Uh...there are differences between STN and TN, mainly twist angle of the liquid crystal. There's nothing wrong with saying that STN is better because it is better than the TN. Casio doesn't use FSTN so again there's nothing wrong in saying STN is better. If you want the best then AMOLED should be argument. 

Not sure what you mean by not all STN and FSTN are the same either. FSTN uses a retardation film to further increase viewing angle so it should be considered a different display.


----------



## FROG (Nov 17, 2009)

kevio said:


> Not sure what you mean by not all STN and FSTN are the same either. FSTN uses a retardation film to further increase viewing angle so it should be considered a different display.


Because there are many, many, many different ways to manufacture STN and FSTN panels. If you know about retardation films, you'll understand that there are virtually limitless configurations of polarization retardation depending on the specification of the manufacturer, the manufacturing process, and the thickness relative to the light wavelength. Is it a retardation film or a super-retardation film? What about the material of the retarder? And that's just one part of a display.

Put two STN displays next to each other, and one could have vastly superior contrast to the other. But both are "STN". So, therefore, merely specifying that a display is "STN" doesn't mean it's better than another display. It's also possible that some TN displays are actually contrastier than some STN panels, even though, in theory, STN panels are superior to simple TN panels. That's what I meant, really.

I'm with you on OLEDs - they're fantastic. But the problem with OLED, obviously, is that they are power-hungry.
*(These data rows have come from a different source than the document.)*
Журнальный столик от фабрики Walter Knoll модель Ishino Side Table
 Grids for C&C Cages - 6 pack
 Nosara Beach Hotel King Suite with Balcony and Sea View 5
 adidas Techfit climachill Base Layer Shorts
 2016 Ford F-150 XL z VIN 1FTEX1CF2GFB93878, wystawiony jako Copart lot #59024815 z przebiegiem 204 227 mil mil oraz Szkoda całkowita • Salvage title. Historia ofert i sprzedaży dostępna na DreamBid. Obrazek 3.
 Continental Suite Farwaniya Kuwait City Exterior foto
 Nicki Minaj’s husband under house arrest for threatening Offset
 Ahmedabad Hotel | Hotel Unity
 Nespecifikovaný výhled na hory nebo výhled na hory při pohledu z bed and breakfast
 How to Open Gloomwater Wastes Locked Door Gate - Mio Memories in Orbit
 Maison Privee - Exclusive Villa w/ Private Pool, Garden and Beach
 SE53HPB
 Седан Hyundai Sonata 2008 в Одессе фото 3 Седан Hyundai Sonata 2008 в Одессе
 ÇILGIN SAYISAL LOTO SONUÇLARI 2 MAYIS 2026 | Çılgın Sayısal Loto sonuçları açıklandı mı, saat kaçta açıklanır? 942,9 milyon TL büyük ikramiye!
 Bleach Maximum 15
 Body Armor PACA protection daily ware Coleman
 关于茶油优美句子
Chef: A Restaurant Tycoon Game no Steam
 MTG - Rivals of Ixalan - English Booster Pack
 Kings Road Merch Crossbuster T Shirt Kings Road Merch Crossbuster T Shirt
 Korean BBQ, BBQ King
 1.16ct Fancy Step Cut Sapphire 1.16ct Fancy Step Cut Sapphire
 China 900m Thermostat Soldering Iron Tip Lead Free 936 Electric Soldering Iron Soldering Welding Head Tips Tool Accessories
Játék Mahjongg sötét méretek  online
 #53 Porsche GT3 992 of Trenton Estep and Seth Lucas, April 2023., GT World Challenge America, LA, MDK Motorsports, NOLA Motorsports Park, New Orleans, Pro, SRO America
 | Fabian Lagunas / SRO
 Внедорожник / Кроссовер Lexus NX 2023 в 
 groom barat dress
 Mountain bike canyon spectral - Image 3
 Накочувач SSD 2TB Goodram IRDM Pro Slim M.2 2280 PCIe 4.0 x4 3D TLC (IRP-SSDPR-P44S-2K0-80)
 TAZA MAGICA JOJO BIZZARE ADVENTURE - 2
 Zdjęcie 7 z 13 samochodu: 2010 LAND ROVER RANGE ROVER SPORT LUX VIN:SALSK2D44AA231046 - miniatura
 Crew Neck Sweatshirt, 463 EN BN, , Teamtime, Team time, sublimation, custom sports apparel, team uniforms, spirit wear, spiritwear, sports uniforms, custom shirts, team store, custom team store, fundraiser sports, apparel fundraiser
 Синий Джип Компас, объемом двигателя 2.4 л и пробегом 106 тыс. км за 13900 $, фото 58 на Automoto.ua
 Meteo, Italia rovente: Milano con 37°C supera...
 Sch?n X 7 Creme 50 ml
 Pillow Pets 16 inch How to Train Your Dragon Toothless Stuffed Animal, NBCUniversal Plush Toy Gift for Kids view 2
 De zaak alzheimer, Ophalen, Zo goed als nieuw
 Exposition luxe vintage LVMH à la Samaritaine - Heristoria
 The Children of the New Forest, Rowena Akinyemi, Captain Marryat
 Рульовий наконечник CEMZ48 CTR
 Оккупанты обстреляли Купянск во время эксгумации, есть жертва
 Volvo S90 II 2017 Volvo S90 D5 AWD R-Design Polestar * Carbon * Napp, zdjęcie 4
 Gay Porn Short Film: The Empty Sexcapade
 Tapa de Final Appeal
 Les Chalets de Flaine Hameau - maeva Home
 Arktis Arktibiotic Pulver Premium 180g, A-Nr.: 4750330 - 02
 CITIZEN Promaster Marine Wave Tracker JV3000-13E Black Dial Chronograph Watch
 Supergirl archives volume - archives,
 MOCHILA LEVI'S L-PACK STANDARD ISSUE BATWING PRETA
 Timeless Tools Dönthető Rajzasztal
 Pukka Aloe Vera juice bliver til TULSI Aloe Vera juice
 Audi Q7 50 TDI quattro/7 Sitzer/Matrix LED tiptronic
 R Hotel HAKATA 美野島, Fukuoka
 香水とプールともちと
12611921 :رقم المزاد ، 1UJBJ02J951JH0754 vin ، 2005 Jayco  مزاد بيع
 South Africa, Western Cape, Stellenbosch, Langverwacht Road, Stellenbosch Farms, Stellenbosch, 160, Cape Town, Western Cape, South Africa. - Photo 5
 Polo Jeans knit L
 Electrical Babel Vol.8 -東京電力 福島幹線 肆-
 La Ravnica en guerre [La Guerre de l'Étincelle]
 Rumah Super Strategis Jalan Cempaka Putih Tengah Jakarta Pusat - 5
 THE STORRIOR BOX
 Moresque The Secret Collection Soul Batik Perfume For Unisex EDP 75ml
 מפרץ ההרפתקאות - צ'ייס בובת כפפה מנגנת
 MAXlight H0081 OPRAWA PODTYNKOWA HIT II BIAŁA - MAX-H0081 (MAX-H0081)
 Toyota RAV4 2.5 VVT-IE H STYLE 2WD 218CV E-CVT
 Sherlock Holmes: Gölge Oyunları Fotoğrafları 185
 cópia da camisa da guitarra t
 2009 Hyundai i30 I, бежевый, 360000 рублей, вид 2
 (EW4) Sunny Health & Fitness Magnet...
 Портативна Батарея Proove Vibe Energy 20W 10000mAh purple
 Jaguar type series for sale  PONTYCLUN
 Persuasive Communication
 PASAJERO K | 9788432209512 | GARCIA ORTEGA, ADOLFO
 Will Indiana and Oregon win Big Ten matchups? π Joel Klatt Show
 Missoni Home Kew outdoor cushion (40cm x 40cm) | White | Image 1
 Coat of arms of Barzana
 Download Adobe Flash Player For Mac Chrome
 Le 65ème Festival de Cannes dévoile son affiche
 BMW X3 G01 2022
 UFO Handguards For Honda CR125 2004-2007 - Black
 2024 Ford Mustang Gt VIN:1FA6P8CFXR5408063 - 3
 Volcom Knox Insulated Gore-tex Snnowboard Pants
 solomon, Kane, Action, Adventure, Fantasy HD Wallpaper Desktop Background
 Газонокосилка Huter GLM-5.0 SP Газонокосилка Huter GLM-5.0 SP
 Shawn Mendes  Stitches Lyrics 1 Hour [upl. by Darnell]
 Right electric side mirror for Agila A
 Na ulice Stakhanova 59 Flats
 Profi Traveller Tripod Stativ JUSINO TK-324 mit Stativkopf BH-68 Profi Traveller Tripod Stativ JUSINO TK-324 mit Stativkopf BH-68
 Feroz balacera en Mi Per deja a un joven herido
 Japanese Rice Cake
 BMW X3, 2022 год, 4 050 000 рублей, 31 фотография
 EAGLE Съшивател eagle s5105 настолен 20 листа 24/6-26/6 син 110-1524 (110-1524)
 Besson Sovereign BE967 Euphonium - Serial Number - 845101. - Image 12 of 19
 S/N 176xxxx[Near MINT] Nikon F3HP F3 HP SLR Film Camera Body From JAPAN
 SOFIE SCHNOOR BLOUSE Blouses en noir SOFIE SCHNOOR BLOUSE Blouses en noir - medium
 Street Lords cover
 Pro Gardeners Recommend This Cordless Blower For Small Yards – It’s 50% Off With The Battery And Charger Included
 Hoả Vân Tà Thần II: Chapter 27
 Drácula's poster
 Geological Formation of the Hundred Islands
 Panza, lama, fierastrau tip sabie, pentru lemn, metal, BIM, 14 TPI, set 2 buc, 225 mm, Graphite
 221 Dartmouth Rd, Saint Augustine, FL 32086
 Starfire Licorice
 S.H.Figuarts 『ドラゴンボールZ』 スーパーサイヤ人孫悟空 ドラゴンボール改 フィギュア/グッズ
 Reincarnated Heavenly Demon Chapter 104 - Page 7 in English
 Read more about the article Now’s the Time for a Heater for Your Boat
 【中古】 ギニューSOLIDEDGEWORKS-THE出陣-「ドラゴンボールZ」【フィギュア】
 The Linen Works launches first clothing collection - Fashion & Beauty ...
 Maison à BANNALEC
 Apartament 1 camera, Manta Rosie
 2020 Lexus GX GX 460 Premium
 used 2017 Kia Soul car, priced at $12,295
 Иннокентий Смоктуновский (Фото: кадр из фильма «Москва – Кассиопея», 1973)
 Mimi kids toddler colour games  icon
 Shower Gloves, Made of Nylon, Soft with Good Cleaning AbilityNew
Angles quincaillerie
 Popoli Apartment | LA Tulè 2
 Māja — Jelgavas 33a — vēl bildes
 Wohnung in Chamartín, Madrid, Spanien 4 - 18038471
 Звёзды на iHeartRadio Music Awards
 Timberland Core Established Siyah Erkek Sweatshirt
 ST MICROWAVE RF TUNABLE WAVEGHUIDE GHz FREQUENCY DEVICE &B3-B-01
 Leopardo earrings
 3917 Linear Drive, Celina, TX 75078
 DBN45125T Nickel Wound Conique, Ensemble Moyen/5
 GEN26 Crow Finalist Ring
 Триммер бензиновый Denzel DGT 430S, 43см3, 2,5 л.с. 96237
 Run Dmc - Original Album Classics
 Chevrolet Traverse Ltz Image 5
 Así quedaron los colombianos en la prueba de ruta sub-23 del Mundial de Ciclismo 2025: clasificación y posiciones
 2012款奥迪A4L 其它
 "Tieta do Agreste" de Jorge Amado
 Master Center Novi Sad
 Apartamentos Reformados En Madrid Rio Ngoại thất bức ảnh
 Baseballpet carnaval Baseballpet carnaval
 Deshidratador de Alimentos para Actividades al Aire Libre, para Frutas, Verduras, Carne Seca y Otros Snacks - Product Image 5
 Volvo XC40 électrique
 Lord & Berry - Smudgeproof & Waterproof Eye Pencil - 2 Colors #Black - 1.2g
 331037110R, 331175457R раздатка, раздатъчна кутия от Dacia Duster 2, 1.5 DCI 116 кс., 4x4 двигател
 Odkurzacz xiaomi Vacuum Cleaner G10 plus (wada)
CASIO already uses STN panels in some of their watches. Not only that, but their STN technology is improving over time, so later STN watches have better displays than earlier ones. Really what we should be looking at is display contrast and maximum viewing angle.


----------



## Slm643 (Feb 21, 2017)

I think viewing angle is mostly a marketing point, when you are looking at your watch in real world situations the plain old G-Shock lcd is perfectly fine.

If you are doing something where the watch face is at some angle other than a "normal" viewing one then you should not be looking at your watch anyway. 

Sent from my K92 using Tapatalk


----------



## ptd (Jun 21, 2018)

I'm digging the yellow, looks like the little brother to my TFG/DLC custom I put together... Perhaps with some gold buttons and screws...

-pd


----------



## kevio (Dec 21, 2015)

FROG said:


> Because there are many, many, many different ways to manufacture STN and FSTN panels. If you know about retardation films, you'll understand that there are virtually limitless configurations of polarization retardation depending on the specification of the manufacturer, the manufacturing process, and the thickness relative to the light wavelength. Is it a retardation film or a super-retardation film? What about the material of the retarder? And that's just one part of a display.
> 
> Put two STN displays next to each other, and one could have vastly superior contrast to the other. But both are "STN". So, therefore, merely specifying that a display is "STN" doesn't mean it's better than another display. It's also possible that some TN displays are actually contrastier than some STN panels, even though, in theory, STN panels are superior to simple TN panels. That's what I meant, really.
> 
> ...


You're getting too into the weeds with film choices. Are you also going to care about ITO and trace layout? I don't think anyone is going to care about that. Of course not all STN displays are the same, just like not all TFT and AMOLED displays are the same. Even two suppliers building to the same spec will have different looking displays. It's easier for Casio to just call the newer display STN. Makes life easier for everyone.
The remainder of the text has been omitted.